The obvious solution, and for that reason the most common solution, is to tell the story of the protagonist not knowing what he wants. Once he knows what he wants, the only open question is whether he gets it or not, which is to say, is it a fantasy story or a tragedy? When he doesn’t know what he wants, the story can be anything, which means that there is something (potentially) interesting to the reader to find out.

Thus we have the twist, so predictable that I’m not sure it really counts as a twist, that the protagonist, who thought he knew what he wants—if you’re not sitting down for this, you may want to sit now so you don’t fall down from shock—finds out that maybe he doesn’t want what he thought he wanted!

That is, the good guys turn out to be morally ambiguous, and the hero has to figure out if he really wants to help them.

It’s not really that the Moderns think that there are no good guys. Well, OK, they do think that. Oddly, despite Modern philosophy only allowing good and evil to be imputed onto things by the projection of values, Moderns are also consequentialists, and consequentialists only see shades of grey. So, yes, Moderns think that there are no good guys.

But!

But.

Moderns are nothing if not inconsistent. It doesn’t take much talking to a Modern to note that he’s rigidly convinced that he’s a good guy. Heck, he’ll probably tell you that he’s a good person if you give him half a chance.

You’ll notice that in the formula I’ve described above, which we’re all far too familiar with, the protagonist never switches sides. Occasionally, if the show is badly written, he’ll give a speech in which he talks the two sides into compromising. If the show is particularly badly written, he will point out some way of compromising where both sides get what they want and no one has to give up anything that they care about, which neither side thought of because the writers think that the audience is dumb. However this goes, however, you almost never see the protagonist switching sides. (That’s not quite a universal, as you will occasionally see that in spy-thrillers, but there are structural reasons for that which are specific to that genre.) Why is that?

Because the Modern believes that he’s the good guy.

So one can introduce moral ambiguity to make things interesting, but it does need to be resolved so that the Modern, who identifies with the protagonist, can end up as the good guy.

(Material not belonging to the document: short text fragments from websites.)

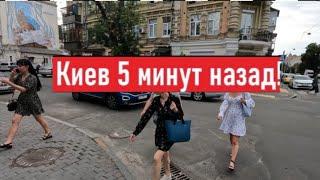 Взрывы! Пришлось бежать! Что происходит в Киеве?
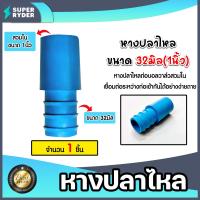 ราคา มีให้เลือกอุปกรณ์ข้อต่อ ขนาด 32มิล ต่อตรงPE สามทางPE ข้องอPE ข้อลดPE เกลียวนอกPE สามทางเกลียวPE สามทางPE PVC งอเกลียวPE สามทางลดPE หางปลาไหล ระบบน้ำ ทนทาน มีคุณภาพ (21351771726)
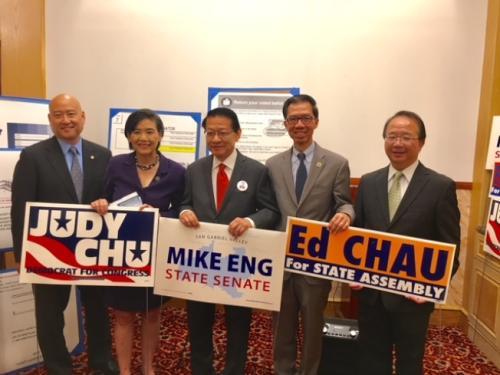 中國僑網(wǎng)華裔民選官員呼吁華人選民充分利用通信投票,,提早投票,。(美國《世界日報(bào)》/楊青 攝)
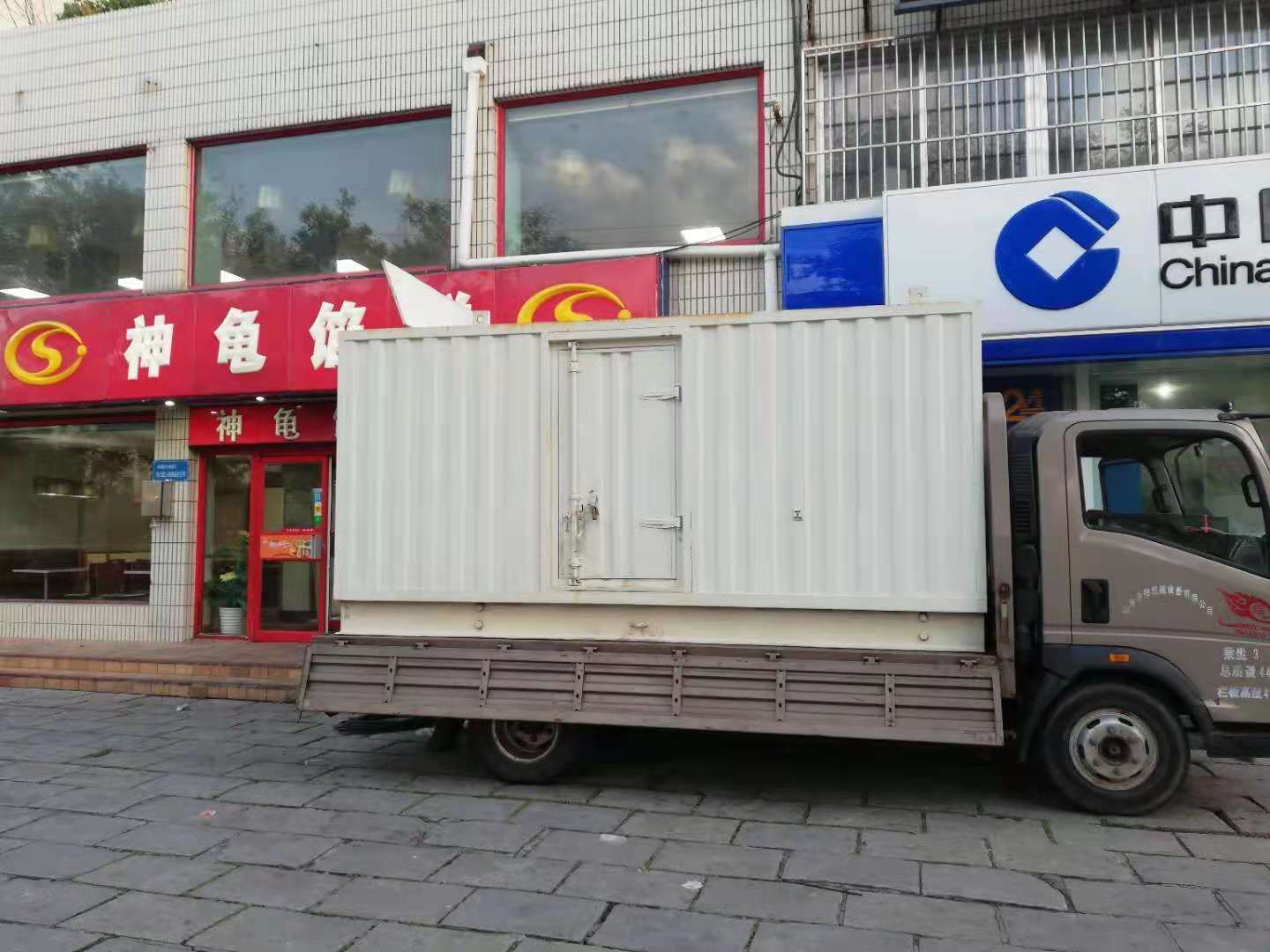 黄山出租发电机-柴油发电机组错误的启动方式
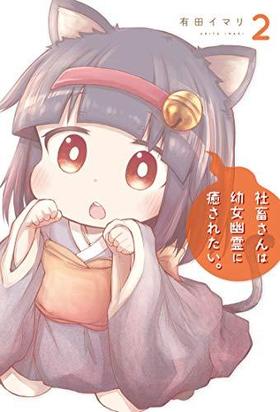 ܤϡͩ줿 2 󥬥󥳥ߥå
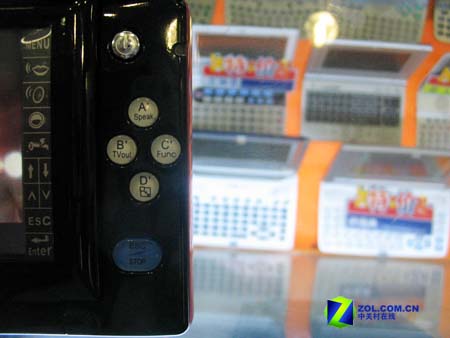 ��PDA��GPS���� ������P855��1000ԪͼƬ����,ͼ8-ZOL�йش����ߵ�8��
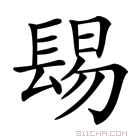 𨲎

The problem, of course, is that the modern is a consequentialist, so the resolution of the ambiguity almost never involves the ambiguity actually being resolved. The Modern thinks it suffices to make the consequences—or as often, curiously, the intended consequences—good, i.e. desirable to the protagonist. So this ends up ruining the story for those who believe in human nature and consequently natural law, but this really was an accident on the part of the Modern writing it. He was doing his best.

His best just wasn’t good enough.

The Scientific Method Isn’t Worth Much

It’s fairly common, at least in America, for kids to learn that there is a “scientific method” which tends to look something like:

  1. Observation
  2. Hypothesis
  3. Experiment
  4. Go back to 1.

It varies; there is often more detail. In general it’s part of the myth that there was a “scientific revolution” in which at some point people began to study the natural world in a radically different way than anyone had before. I believe (though am not certain) that this myth was propaganda during the Enlightenment, which was a philosophical movement primarily characterized by being a propagandistic movement. (Who do you think gave it the name “The Enlightenment”?)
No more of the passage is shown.